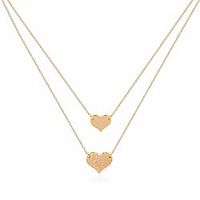 vacrona layered heart neckalce 18k gold filled lock crescent circle disc pendant necklace layered necklace dainty layer long necklace choker for women gold Lightinthebox - thumbnail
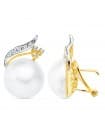 Boucles d'oreilles Takara Perles de Mabe Or Bicolore 18 K 24 MM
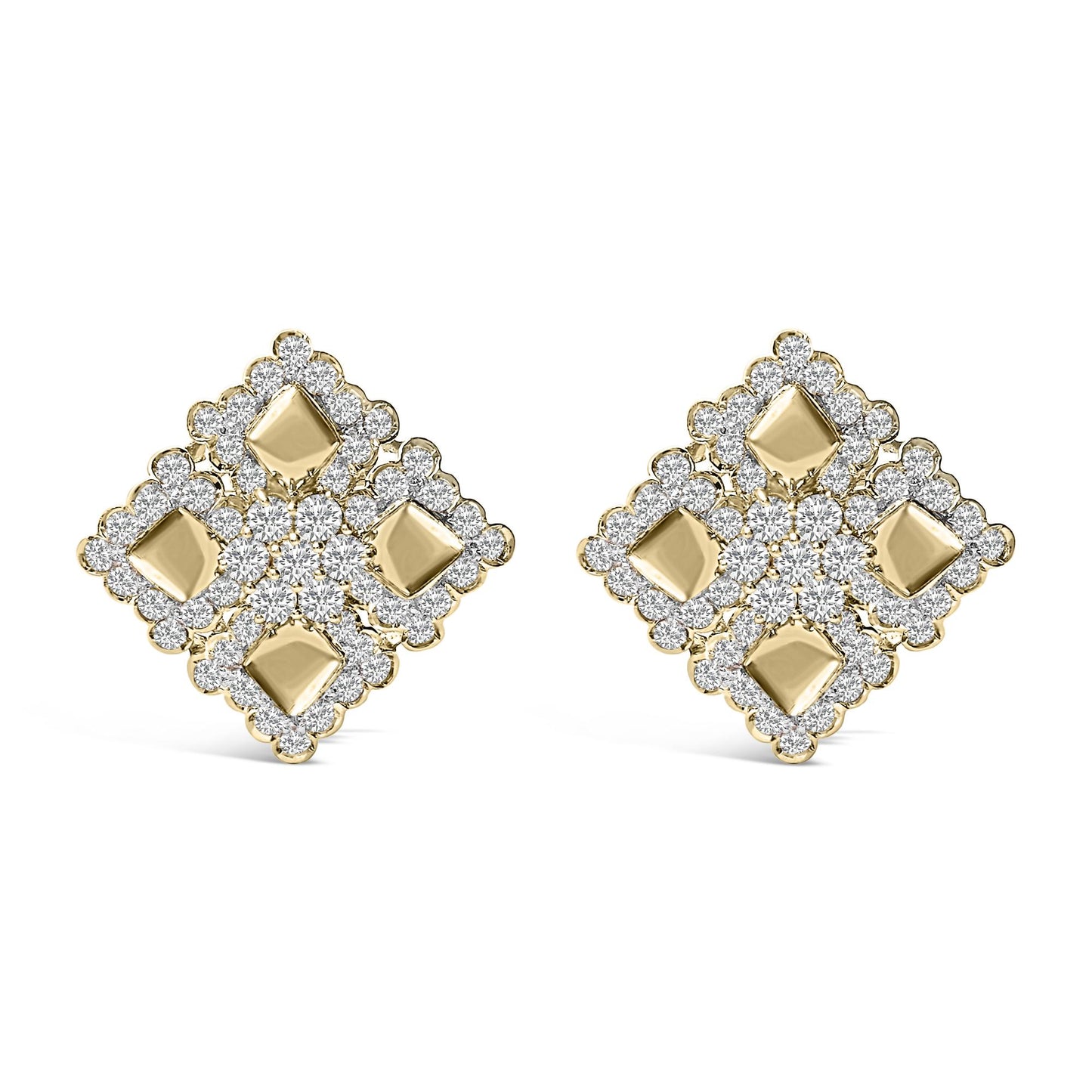 Front view of a pair of yellow metal earrings shaped like four connected diamonds, each surrounded by small round white gemstones in prong settings.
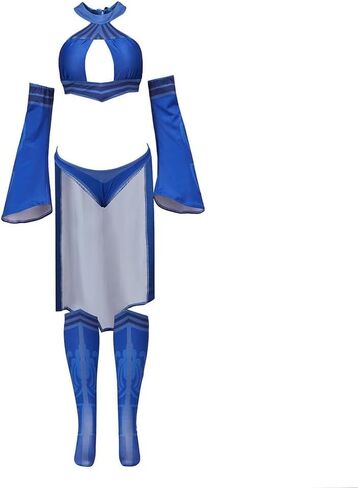 Kitana Cosplay Costume Women Kitana Sexy Blue Battle Suit in Kuwait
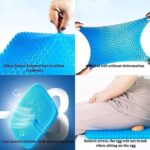Gel Comfort Double Layer Honeycomb Seat Cushion, Blue, Non-Slip Cover, Pressure Relief for Office Chair, Wheelchair, Car Seat (Semicircular) - Image 3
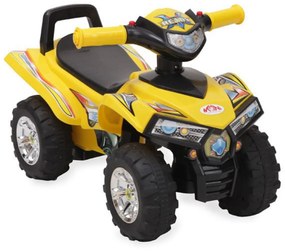 Masinuta cu Functie de Trotineta Fara Pedale Pentru Copii NOVOKIDS™ ATV Rider, Maxim 27 Kg, Cu Melodii, Sezut comfortabil, Galben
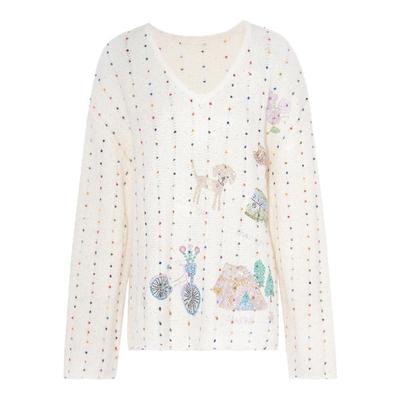 TCH私服烫钻25秋季新款时尚百搭洋气V领宽松针织衫女T75C09E5123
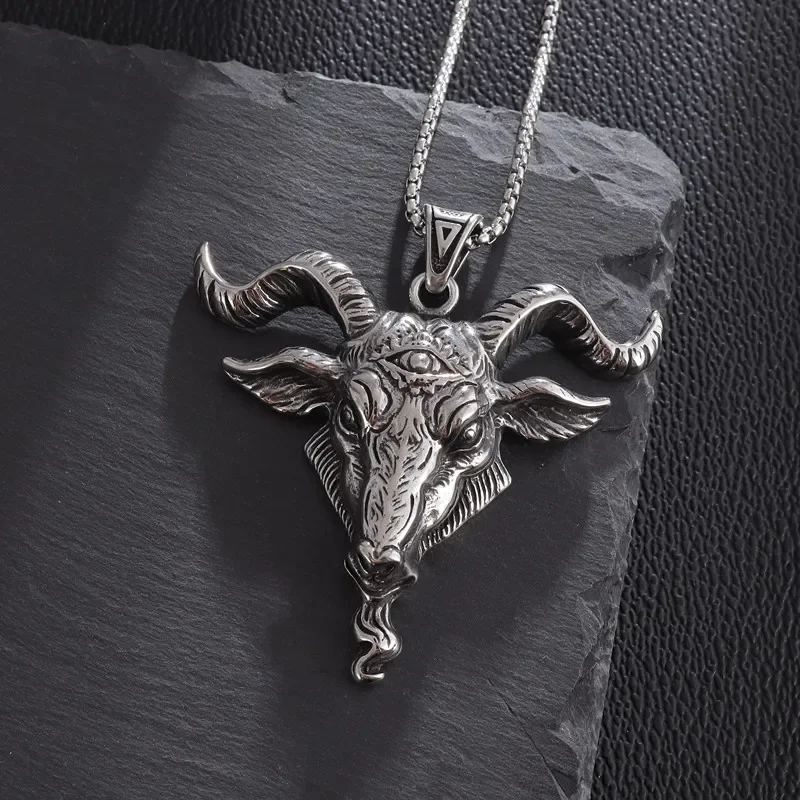 Vintage Lucifer Demon Satan Ram Necklace Men Punk Eye of Truth Pendant Male Gothic Trend Party Jewelry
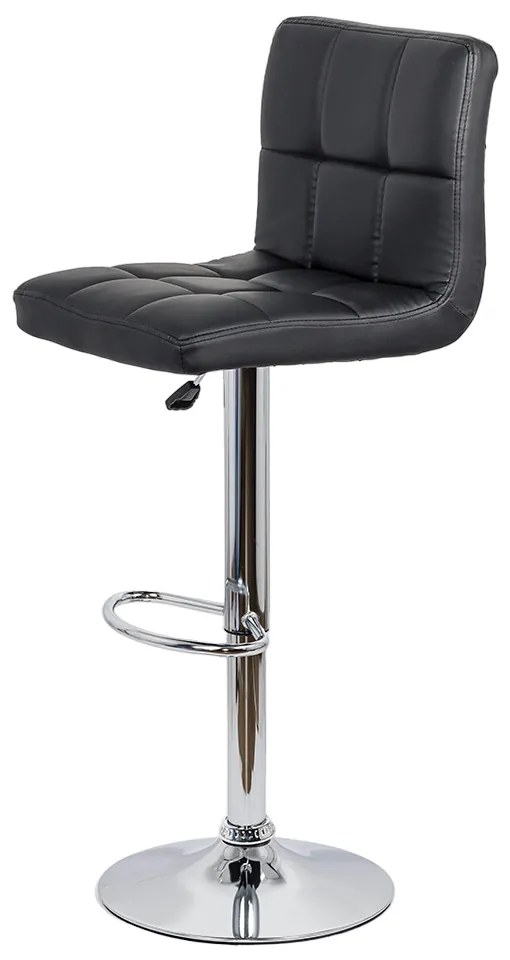 Scaun bar negru rotativ, reglabil pe inaltime, din piele sintetică ABS 191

•••

Your assignment:
All lines from the line with "Front view of" through the final line of the listing are to be printed exactly, both ends included; the pictures are not.

Problem solution:
 Front view of a pair of yellow metal earrings shaped like four connected diamonds, each surrounded by small round white gemstones in prong settings.
 Kitana Cosplay Costume Women Kitana Sexy Blue Battle Suit in Kuwait
Gel Comfort Double Layer Honeycomb Seat Cushion, Blue, Non-Slip Cover, Pressure Relief for Office Chair, Wheelchair, Car Seat (Semicircular) - Image 3
 Masinuta cu Functie de Trotineta Fara Pedale Pentru Copii NOVOKIDS™ ATV Rider, Maxim 27 Kg, Cu Melodii, Sezut comfortabil, Galben
 TCH私服烫钻25秋季新款时尚百搭洋气V领宽松针织衫女T75C09E5123
 Vintage Lucifer Demon Satan Ram Necklace Men Punk Eye of Truth Pendant Male Gothic Trend Party Jewelry
 Scaun bar negru rotativ, reglabil pe inaltime, din piele sintetică ABS 191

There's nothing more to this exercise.